Si les revendications spécifiques des étudiants universitaires ont constitué l’axe principal de la mobilisation citoyenne en 2011, nous n’avons jamais cessé de nous prononcer clairement en faveur de la nécessité d’une solution politique et négociée de l’actuel conflit que souffre la Colombie ».
 
Duarte rappelle la consigne centrale de la coordination étudiante : « Pour un pays avec la démocratie, la souveraineté et la paix ». En ce sens, « nous disons à tous les acteurs du conflit de mettre les cartes sur la table et de se prononcer. Car les principaux touchés sont l’ensemble des citoyens ».
 
Il ne s’agit pas de la reddition des uns ou des autres, mais d’un processus cohérent qui « jette les bases d’un autre modèle de pays, avec l’accès réel à la démocratie et aux droits essentiels, avec la mise en vigueur d’une véritable justice sociale ».
 
Un capital accumulé
 
Les mobilisations de 2011 – tel est le bilan final qu’en tire Duarte – ont signifié pour les étudiants de sortir d’une impasse de plusieurs décennies d’un certain immobilisme. Cela a été obtenu comme produit d’un apprentissage « que nous avons tous fait ».
 
A la base de ce processus, « il a été nécessaire de mettre de côté les discours extrêmement idéologiques ou trop centrés sur la stratégie. Nous avons été capables de nous mettre à table, avec l’idée d’une table de travail pour construire des alternatives.
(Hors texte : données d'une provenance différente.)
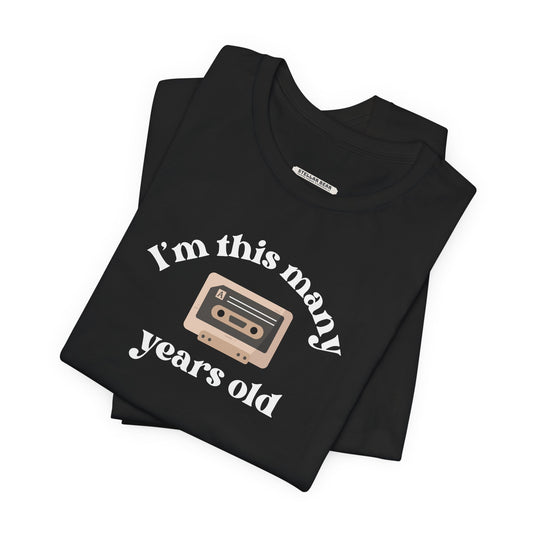 I'm This Many Years Old (Cassette Tape) Graphic T-Shirt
Il a été important d’apprendre à nous écouter les uns les autres ».
 
Nous avons dépassé le regard autocentré sur le milieu étudiant. « Nous avons appris à observer les expériences d’autres secteurs sociaux importants du pays, comme les paysans, les indigènes et les travailleurs, qui ont beaucoup à nous apprendre ».
 
Cet apprentissage « a impliqué que nous acceptions les nombreuses années d’erreurs commises par la gauche colombienne ». Sans pour autant renier la nécessité de chercher des alternatives au capitalisme et au néo-libéralisme, « mais en explorant de nouvelles manières, avec une ample participation, en nous organisant et en cheminant ensemble, en pratiquant de nouvelles méthodologies, en donnant de nouveaux messages », conclut Boris Duarte.